Le multi-identità si incrociano e il lavoro a cui la classe dirigente è chiamata non è semplice e richiede attenzione. Riconoscere le specificità e accompagnarle in un processo di avvicinamento è fondamentale per arrivare a trovare quella sintesi che porta la comunità ad essere una e non molte.
L’Europa e il Trentino-Alto Adige hanno un legame storicamente forte. Siamo a dieci anni dalla creazione dell’Euregio, come gestire questa risorsa e comunicarla all’esterno, evitando di sembrare avvantaggiati agli occhi dei nostri connazionali?
L’esercizio dell’Euregio è una prova di Europa in piccolo, perché mette insieme delle realtà diverse e diventa un laboratorio.
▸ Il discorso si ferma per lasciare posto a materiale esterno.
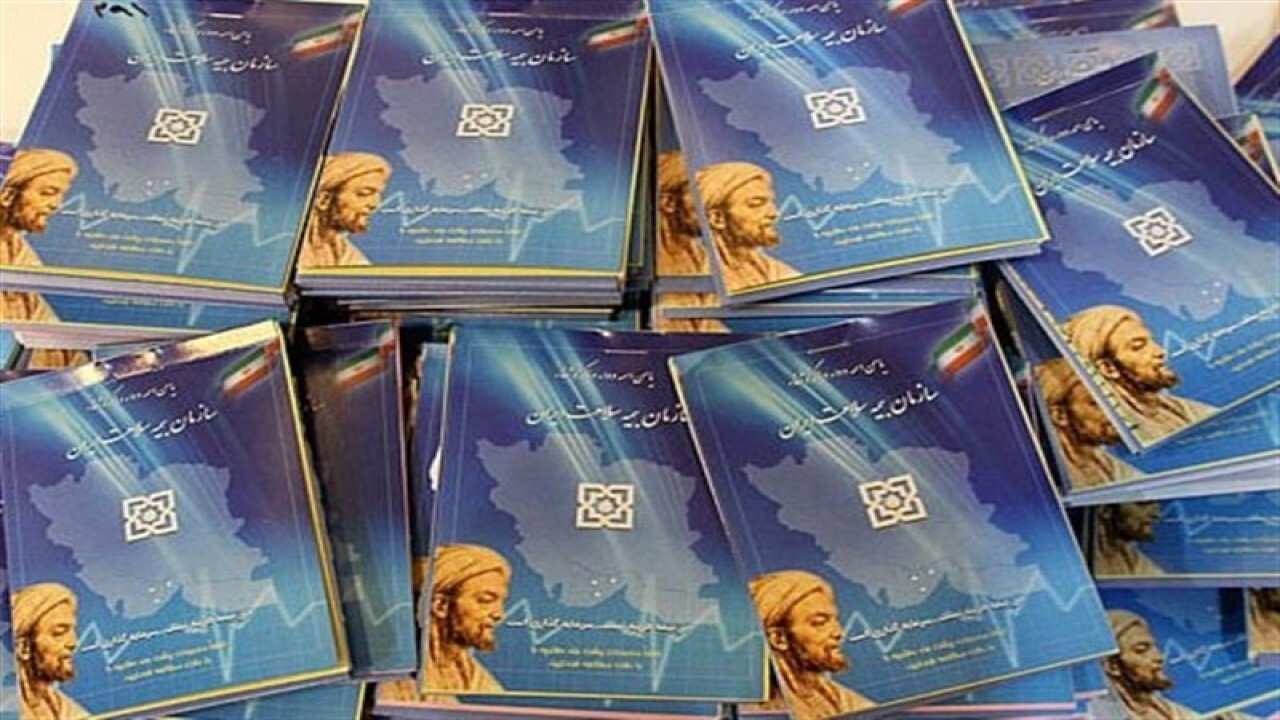 شناسایی ۹۰ هزار  مشمول بیمه سلامت همگانی در خراسان شمالی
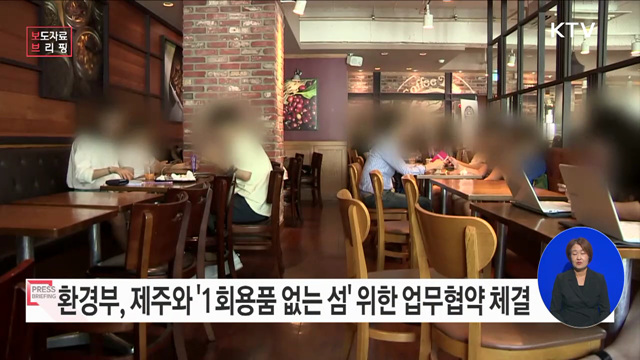 '1회용품 없는 섬' 제주 만든다…업무 협약 체결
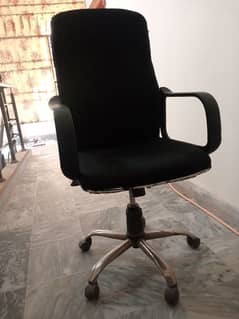 chair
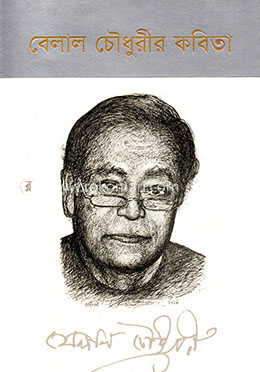 বেলাল চৌধুরীর কবিতা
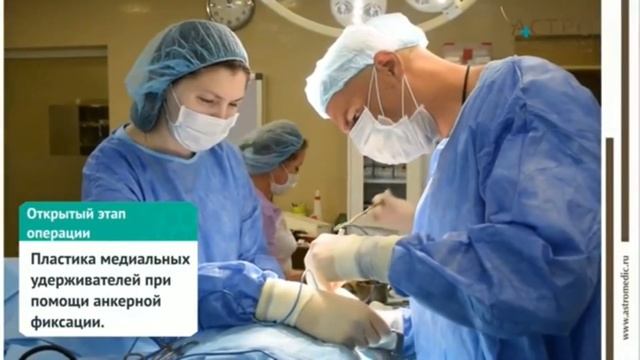 Случай из практики травматолога ортопеда Постнова Юрия Геннадьевича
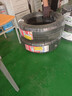 朝阳轮胎 汽车轮胎  205/55R16 91V RP18 适配朗逸/英朗/卡罗拉/宝来 实拍图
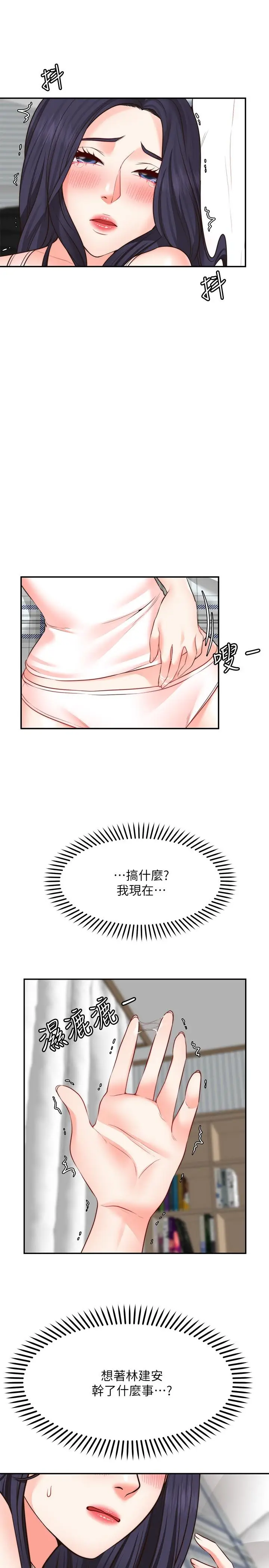 漫画《愿望不射限》第18话第11张图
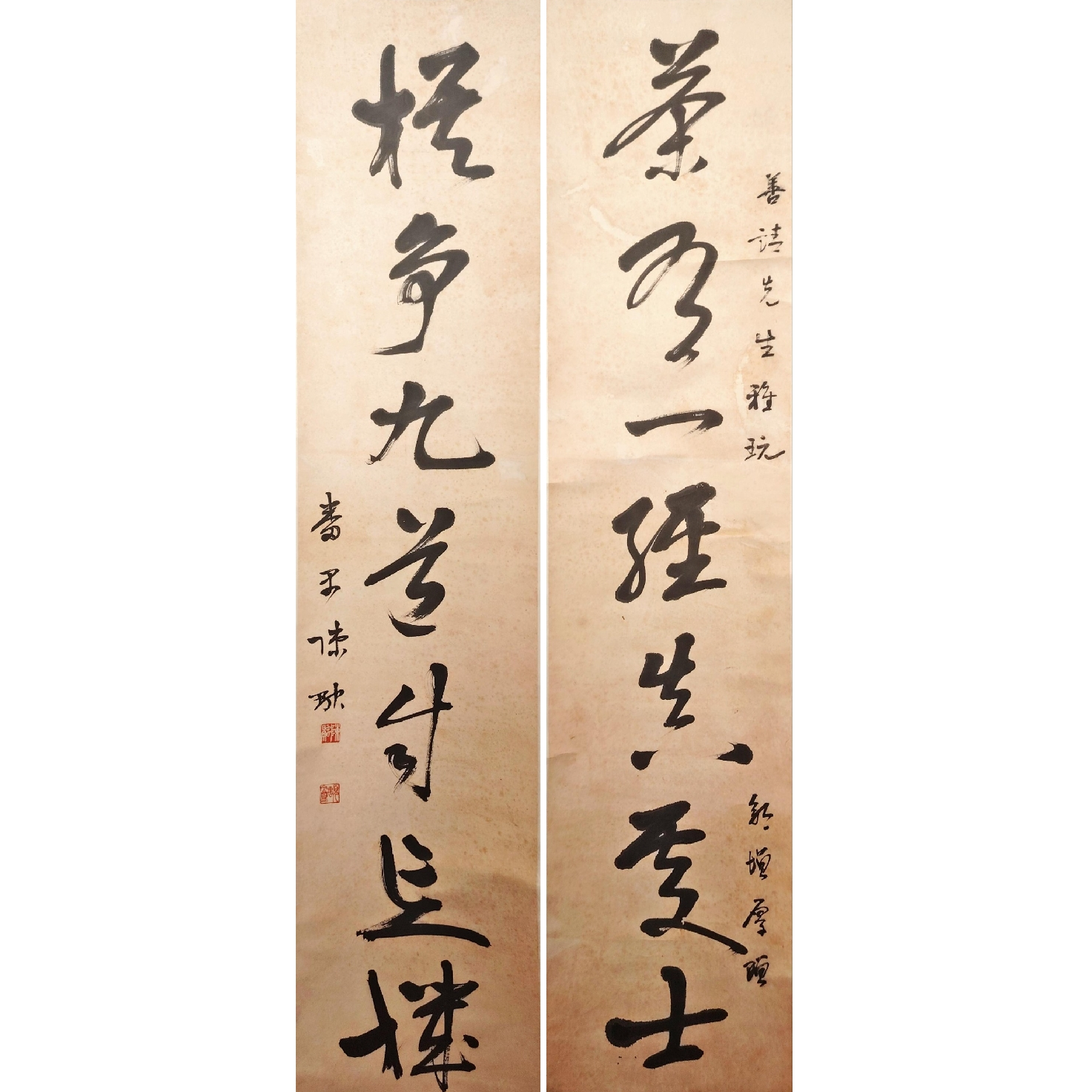 陈融 对联 屏轴 132×30×2cm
Si può essere invidiati perché più bravi e più capaci, ma per evitare di essere invidiati in malo modo, quello che dobbiamo perseguire è l’idea che si possa fare un’esperienza multiculturale, multilinguistica e transfrontaliera che consegni all’Europa un esempio di come combinare le molte specificità del territorio.
Anche in questo caso esercitare bene le risorse a disposizione e comunicarle in modo trasparente e consapevole potrebbe risolvere il problema.
In sostanza, siamo sì avvantaggiati rispetto ad altre realtà, ma se non siamo in grado di sfruttare al meglio queste peculiarità, e non riusciamo a darne giustificazione all’esterno basandoci su dati consapevoli, incorreremo sempre nel rischio di apparire solamente più fortunati, tralasciando le responsabilità e i costi a cui siamo chiamati dalla nostra autonomia.